Праздник посвящен воспоминанию и духовному созерцанию, которое находим мы в Евангелии от Луки. В нем повествуется, что через сорок дней после рождения в Вифлееме Иисуса Христа, согласно религиозному обычаю того времени, Иосиф и Мария «принесли Младенца в Иерусалим, чтобы представить пред Господа, как предписано в законе Господнем».

«Тут был в Иерусалиме, — продолжает Евангелие, человек именем Симеон. Он был праведный и благочестивый... и Дух Святой был на нем. Ему было предсказано Духом Святым, что он не увидит смерти, доколе не увидит Христа. И пришел он по вдохновению в храм. И когда родители принесли Младенца Иисуса, чтобы совершить над ним законный обряд, он взял Его на руки, благословил Бога и сказал:

«Ныне отпускаешь раба Твоего, Владыко, по слову Твоему, с миром, ибо видели очи мои спасение Твое, которое Ты уготовал пред лицем всех народов, свет ко откровению язычников и славу народа Твоего Израиля».

«Иосиф же и Матерь Его удивились сказанному о Нем. И благословил их Симеон и сказал Марии, Матери Его: вот лежит этот на падение и на восстание многих и в предмет пререканий. Тебе же самой орудие пройдет душу, да откроются помышления многих сердец...»

Как необычен, как прекрасен этот старец с ребенком на руках, как странны слова его: «Вот, видели очи мои спасение Твое...». Мы вслушиваемся в эти слова и постепенно начинаем постигать глубокий смысл события, его отношения к нам, ко мне, к нашей вере.

Что на свете радостнее встречи, «сретенья» с тем, кого любишь? Действительно, жизнь есть ожидание. Но тогда не символ ли это высокого и прекрасного ожидания, не символ ли это длинной человеческой жизни? Этот старец, всю жизнь ожидавший такого света, который озарил бы все, такой радости, которая все наполнила бы собою?

И как удивительно, как несказанно хорошо, что свет и радость, что ответ дан был старцу Симеону через Младенца.

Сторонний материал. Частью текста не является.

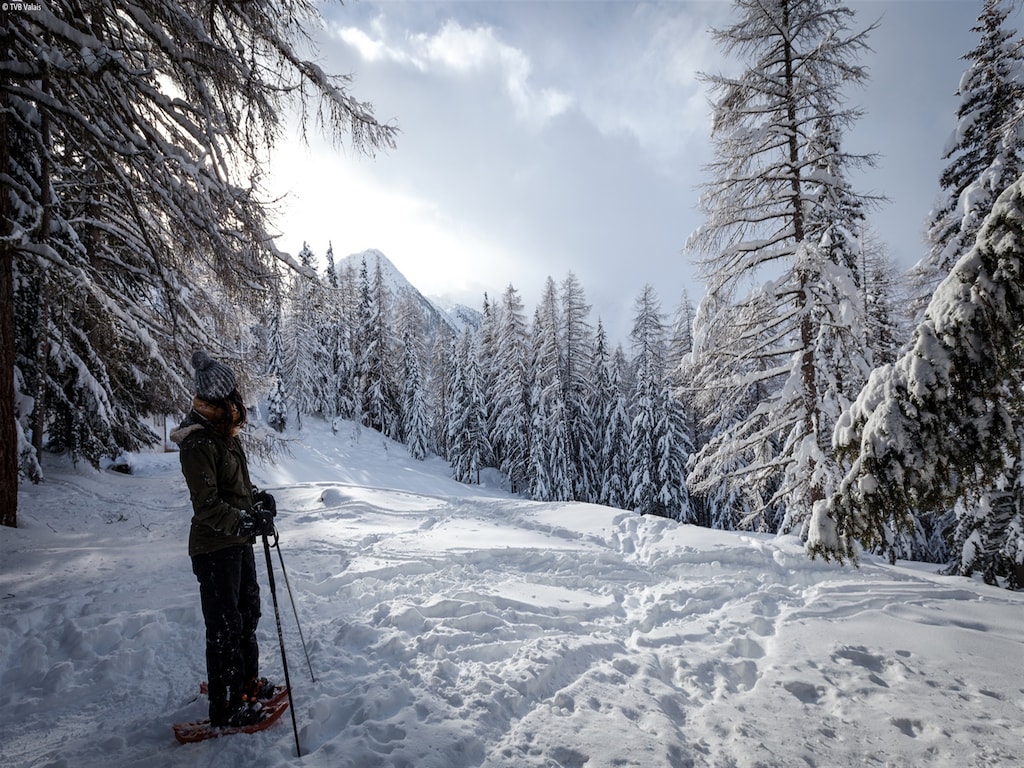 Picture 18 Picture 18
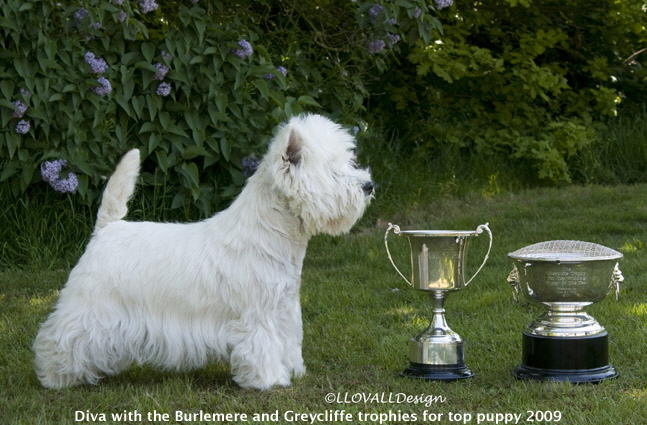 Divawith 2 Top Puppy Trophies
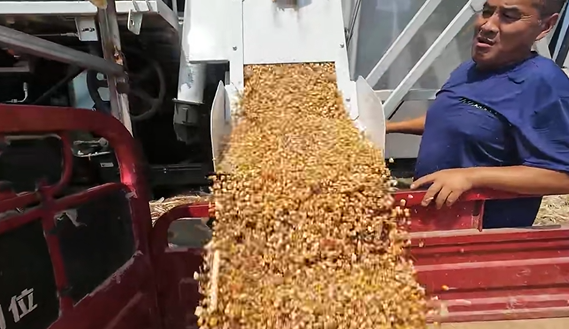 NG电子游戏·(中国区)官方网站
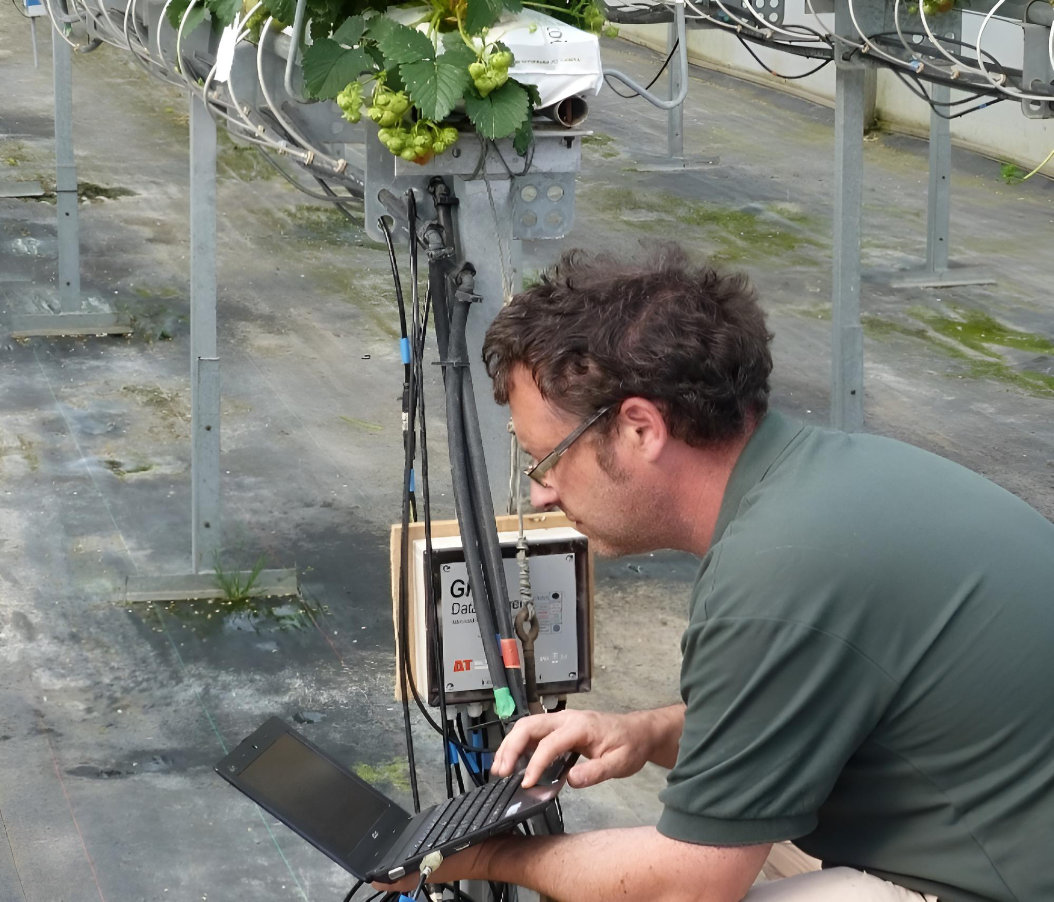 Soft fruit precision irrigation trials at East Malling Research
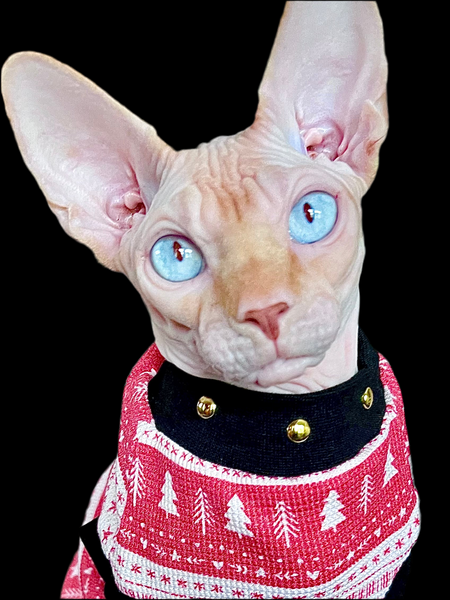 Sphynx Christmas Cat Clothes |  Christmas Thermal Style (Studded Neckline)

Когда представляешь себе эти дрожащие старческие руки, принимающие любовно и осторожно сорокадневного, глаза, устремленные на это маленькое существо, и все заливающую хвалу: «...теперь Ты можешь отпустить меня с миром. Я видел, я в своих руках держал, я обнимал то, что заключает в себе сам смысл жизни». Он ждал. Он ждал всю свою длинную жизнь. И не значит ли это, что он думал, молился, углублял это ожидание, так что, наконец, вся его жизнь стала одним накануне радостной встречи.

И не пора ли спросить себя: чего же жду я? О чем все сильнее напоминает мне сердце? Преображается ли постепенно эта моя жизнь в ожидании встречи с главным? Вот вопрос Сретения. Здесь жизнь человеческая явлена как прекрасное созревание души, все более и более свободной, все более глубокой, все более очищенной от всего мелочного, суетного, случайного. Тут само старение и увядание, земной удел каждого из нас, показано так просто и убедительно — как рост и подъем до того последнего мига, когда от всей души, в полноте благодарности, я говорю: «Ныне отпущаеши». Я видел свет, пронизывающий мир. Я видел Младенца, который несет в мир столько Божественной любви и отдает Себя мне. Нет страха, нет неизвестности. Есть только мир, благодарность и любовь.

Вот что приносит с собою праздник Сретения Господня. Праздник встречи души с Любовью, встречи с Тем, Кто дал мне жизнь и силу преображать ее в ожидание.